Bacterial infection and superinfection are well known phenomena in patients with advanced CTCL.7 In addition to being a source of sepsis through impaired barrier function, there is increasing data suggesting that Staphylococcal species contribute to disease progression. This may occur through several mechanisms. First, chronic antigenic stimulation and bacterial superantigens may lead to the development of clonal T proliferation.8, 9, 10, 11 Staphylococcal superantigens have been implicated in the development of lymphomatoid papulosis, another clonal lymphoproliferative disorder, and an atopic T helper cell 2 profile was noted with a female predominance.8 Staphylococcal α toxin kills normal T lymphocytes but spares malignant T lymphocytes because of a downregulation of its receptor, ADAM10.10 Finally, antibacterial therapies have recently shown some symptomatic benefit in patients with advanced CTCL.12
Gentian violet is a small molecule that has been used in humans for more than 100 years. No evidence of its carcinogenicity has been found in human use.13 Our laboratory discovered that it is an NADPH oxidase inhibitor and, as such, found that it has antitumor properties in patients with melanoma and lymphoma in vivo.14, 15, 16, 17 Based on our work, gentian violet was found to have efficacy against early plaque-stated CTCL. In this case report, we demonstrate remission of advanced CTCL using a regimen containing gentian violet, radiation, and mogamulizumab.
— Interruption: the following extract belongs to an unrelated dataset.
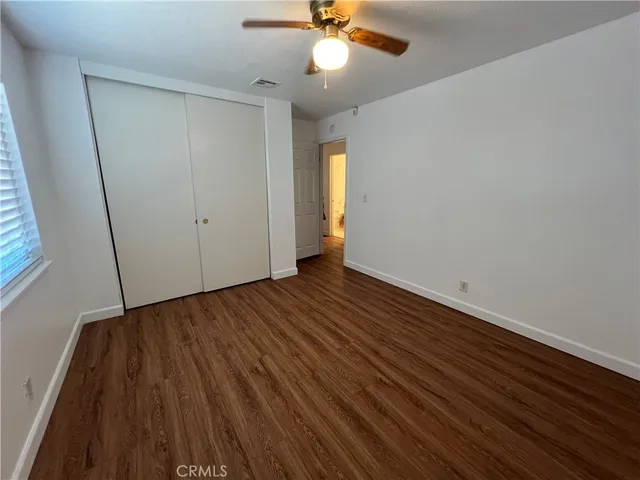 a view of an empty room with wooden floor and a ceiling fan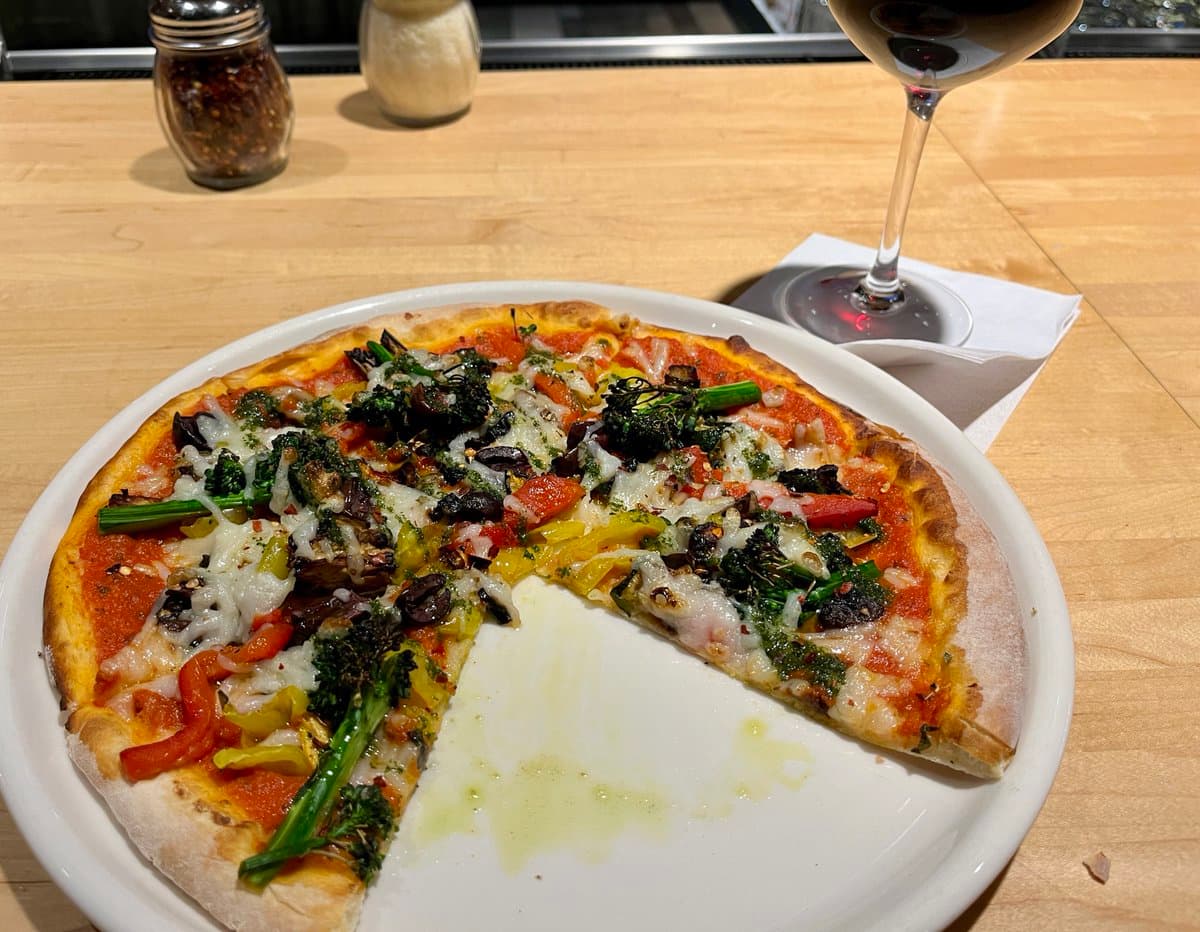 A partially eaten pizza topped with broccoli, peppers, and cheese sits on a white plate on a wooden table, accompanied by a glass of red wine and condiment shakers.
Given that NADPH oxidase plays a role in maintaining a T helper cell 2 immune profile,18 gentian violet may act in part to induce an immune response by a shift to a T helper cell 1 profile. Indeed, the same types of bacteria that promote atopic dermatitis (Staphylococcus and Streptococcus species) also promote CTCL proliferation. The patient received prophylactic antibiotic therapy, but this was insufficient to prevent multiple admissions for bacterial infection.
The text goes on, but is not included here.